In honor of Mother’s Day I’d like to share a poem with you. It’s by Billy Collins, an American poet. I’m not sure where I first heard this poem but it somehow stuck in my mind. I looked it up a couple weeks ago to use at funeral that I was the Celebrant for and used it again yesterday for another funeral. I hope you like it as much as I do. It’s even better when you listen to the author read it himself. Here is a link http://www.youtube.com/watch?v=khQ9e0QpEM8

Thanks Mom for all that you did for me.

The Lanyard – Billy Collins

The other day I was ricocheting slowly
off the blue walls of this room,
moving from typewriter to piano,
from bookshelf to an envelope lying on the floor,
when I found myself in the L section of the dictionary
where my eyes fell upon the word lanyard.

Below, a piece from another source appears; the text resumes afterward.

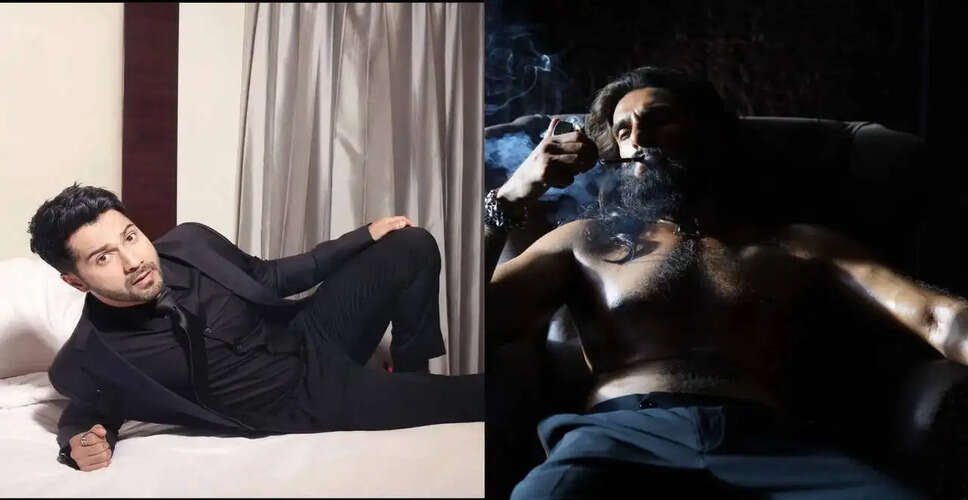 What Did Varun Dhawan Say About Dhurandhar That Sparked Controversy Among Fans?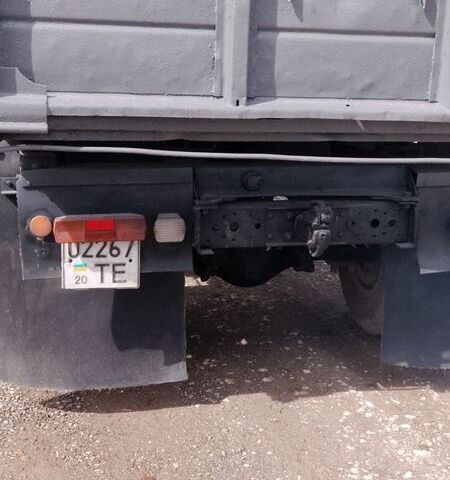 ЗИЛ Другая, объемом двигателя 0 л и пробегом 0 тыс. км за 6000 $, фото 4 на Automoto.ua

No cookie nibbled by a French novelist
could send one into the past more suddenly—
a past where I sat at a workbench at a camp
by a deep Adirondack lake
learning how to braid long thin plastic strips
into a lanyard, a gift for my mother.

I had never seen anyone use a lanyard
or wear one, if that’s what you did with them,
but that did not keep me from crossing
strand over strand again and again
until I had made a boxy
red and white lanyard for my mother.

She gave me life and milk from her breasts,
and I gave her a lanyard.
She nursed me in many a sick room,
lifted teaspoons of medicine to my lips,
laid cold face-cloths on my forehead,
and then led me out into the airy light

and taught me to walk and swim,
and I, in turn, presented her with a lanyard.
Here are thousands of meals, she said,
and here is clothing and a good education.
And here is your lanyard, I replied,
which I made with a little help from a counselor.

Here is a breathing body and a beating heart,
strong legs, bones and teeth,
and two clear eyes to read the world, she whispered,
and here, I said, is the lanyard I made at camp.
And here, I wish to say to her now,
is a smaller gift—not the archaic truth

that you can never repay your mother,
but the rueful admission that when she took
the two-tone lanyard from my hand,
I was as sure as a boy could be
that this useless, worthless thing I wove
out of boredom would be enough to make us even.

I’m Dale Clock. Thanks for Listening.